[Given information Boundary: Start]

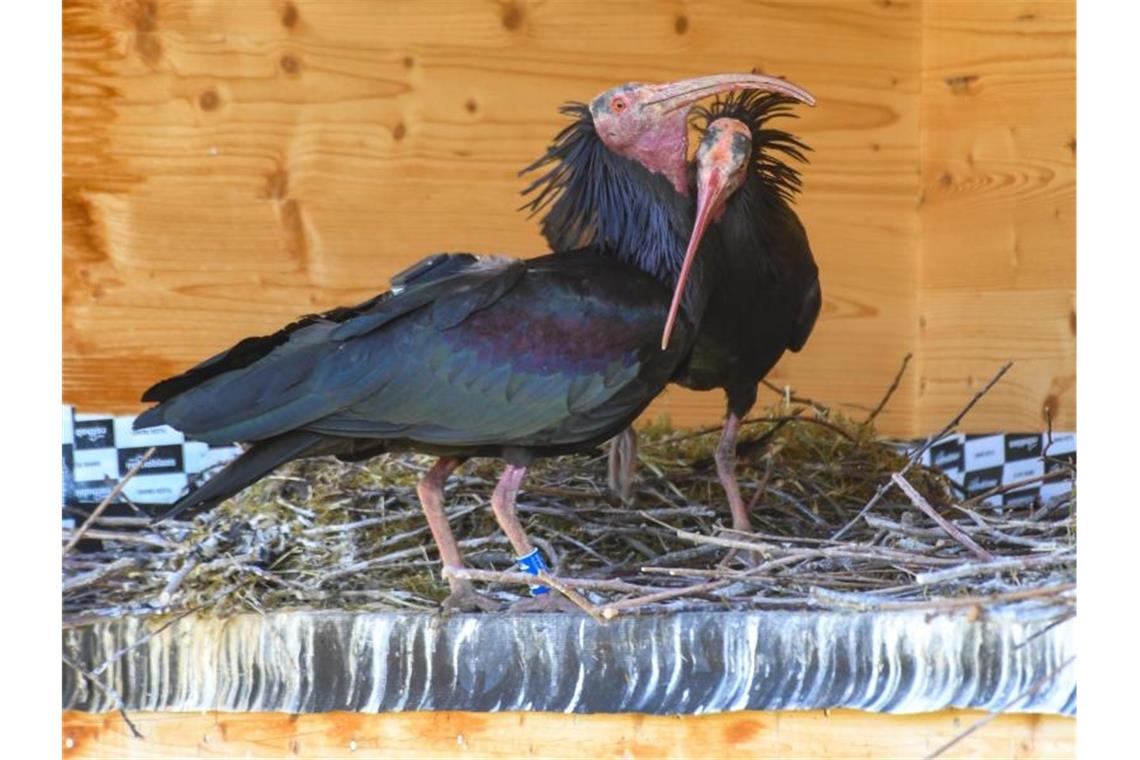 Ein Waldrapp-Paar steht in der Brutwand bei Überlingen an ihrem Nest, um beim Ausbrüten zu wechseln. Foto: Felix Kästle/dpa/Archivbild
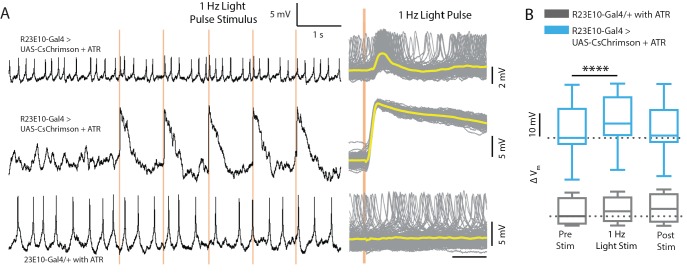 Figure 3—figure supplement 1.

[Given information Boundary: End]
[Given information Boundary: Start]

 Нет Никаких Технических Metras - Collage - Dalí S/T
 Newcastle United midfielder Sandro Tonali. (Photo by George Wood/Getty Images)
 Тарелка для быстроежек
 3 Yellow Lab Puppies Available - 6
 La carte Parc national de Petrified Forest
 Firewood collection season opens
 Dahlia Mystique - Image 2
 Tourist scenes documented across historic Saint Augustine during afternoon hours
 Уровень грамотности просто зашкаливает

[Given information Boundary: End]

| What you should do |
Using the data above, extract exactly the lines from the one that holds "Нет Никаких Технических" to the one that holds "Уровень грамотности просто зашкаливает", both ends included, and no others.

| Written solution |
 Нет Никаких Технических Metras - Collage - Dalí S/T
 Newcastle United midfielder Sandro Tonali. (Photo by George Wood/Getty Images)
 Тарелка для быстроежек
 3 Yellow Lab Puppies Available - 6
 La carte Parc national de Petrified Forest
 Firewood collection season opens
 Dahlia Mystique - Image 2
 Tourist scenes documented across historic Saint Augustine during afternoon hours
 Уровень грамотности просто зашкаливает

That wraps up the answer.